Esos altos en el camino me han permitido
darme cuenta de que, si bien a los americanos la historia les infunde un respeto reverencial, cuando visitan un lugar valoran sobre
todo la excepcionalidad, la originalidad, que haya sido muy trabajoso de
realizar, que haya costado mucho dinero o que la persona que está detrás de eso
haya sido o sea especial.
Si hace unos años alguien me hubiera
dicho que me desviaría de mi ruta para ver una “casa zapato” tal vez le hubiera
mirado con aires de suficiencia. La casa Haines está en una carretera en el
centro de Pennsylvania y tiene todos los ingredientes que encantan a los
americanos: la construyó un zapatero de Ohio que partió de la nada;
creó la mayor cadena de tiendas en Estados Unidos propiedad de una sola
persona; se hizo millonario; y era un excéntrico.

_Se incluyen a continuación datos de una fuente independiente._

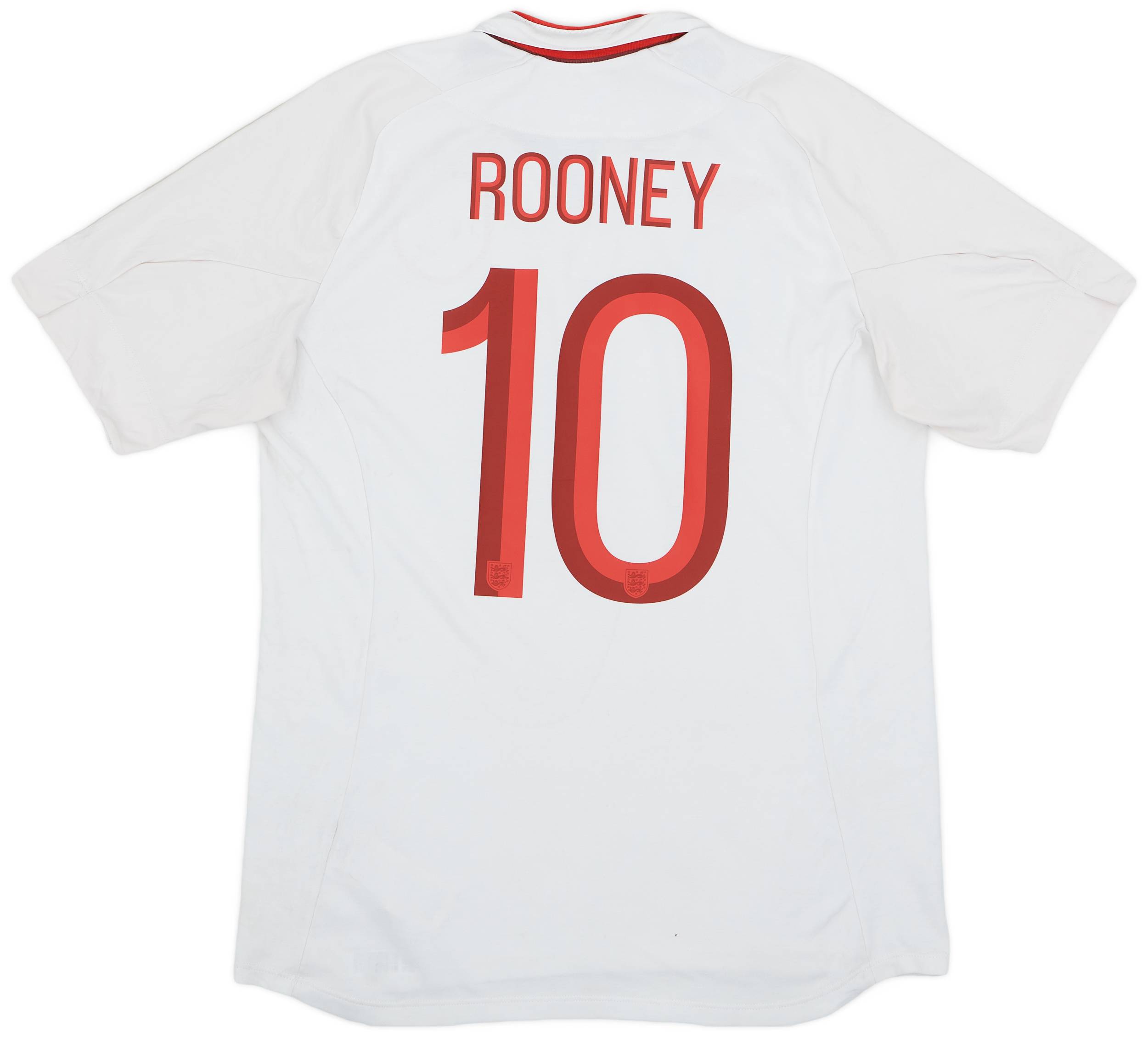 2012-13 England Home Shirt Rooney #10 - 6/10 - (M)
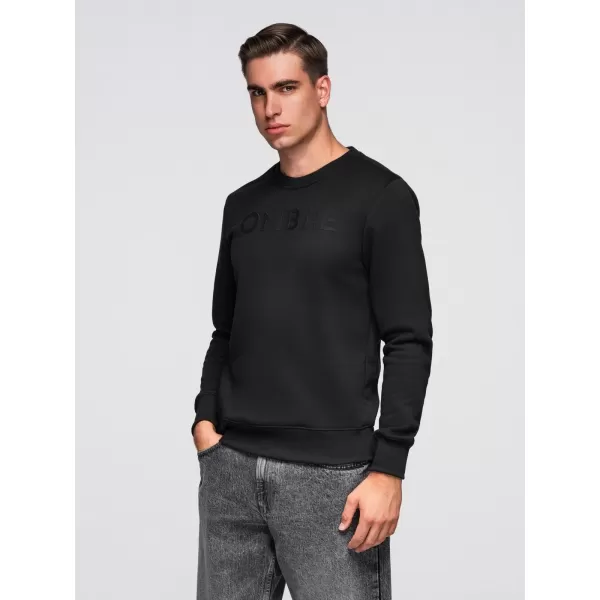  Herren-Sweatshirt OMBRE B1711 SCHWARZ 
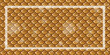 Elegant golden scales design with ornate border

Mahlon N. Haines, conocido como el Mago de los Zapatos, planeó la Shoe House como
un anuncio publicitario y, tendiéndole una bota de su tienda a un
arquitecto, le dijo: “Hazme una casa así”. La casa, construida en 1948, mide
unos 450 metros cuadrados y tiene el salón en la puntera, la cocina en el
tacón, dos dormitorios en el tobillo y en el empeine está lo que hoy en día es
una heladería. Llegó a habitarla por un tiempo pero no debía de ser muy cómoda puesto
que pronto se trasladaría a otra vivienda en las cercanías.
Siguiendo por Pennsylvania, tuvimos que dar bastantes vueltas para
encontrar lo que se anuncia nada menos que como “la gasolinera más antigua de Estados
Unidos”, en funcionamiento ininterrumpido desde... ¡1909!. Se encuentra en Altoona y los comentarios de los usuarios en Trip Advisor son geniales:
“Gracias por destacar esta pequeña y única joya”. “Es una auténtica experiencia
retro”. “Es fantástico ser parte de la historia”. “¡Incluso te ponen la
gasolina y te limpian el parabrisas!”. Me alegré de haber ido porque los dueños se lo
toman muy en serio, te cuentan lo que saben encantados, te hacen pasar al
taller para que veas las fotos y las piezas “históricas” e incluso, tras limpiarte el parabrisas como dice el anuncio, te dan un
recuerdo de madera que es una monada.
También en la "famosísima" Altoona se encuentra la llamada Shoe Horse Curve (Curva de la
Herradura), otra “joya” del transporte, en este caso ferroviario. Esta audaz obra de
ingeniería se inauguró en 1854 y permitió reducir sustancialmente los tiempos
de transporte hacia el oeste con el trazo de una curva muy cerrada en un espacio muy reducido. Tuvo que hacerse sin
intervención de maquinaria pesada y participaron 450 trabajadores, en su mayoría
irlandeses, que cobraban 25 céntimos la hora en jornadas de 12 horas diarias.
Ignoro si estaban bien o mal pagados, como sospecho que tampoco lo sabía la
pareja de turistas americanos que visitaban el museo a la vez que nosotros,
pero ellos se quedaron puestos. Les encantó el dato. A mí también me gustó el
haber hecho ese alto en el camino, coger el pequeño funicular que te lleva
junto a las vías a esperar que los trenes anuncien su paso a golpe de silbato y
disfrutar del paisaje y del aire puro de las montañas Allegheny.
Los niños tienen razón. No hace falta ir a un museo para aprender cosas interesantes. El espíritu emprendedor de un zapatero, la gasolinera y la curva del ferrocarril ilustran perfectamente lo que ha sido el desarrollo de este país.
Los niños tienen razón. No hace falta ir a un museo para aprender cosas interesantes. El espíritu emprendedor de un zapatero, la gasolinera y la curva del ferrocarril ilustran perfectamente lo que ha sido el desarrollo de este país.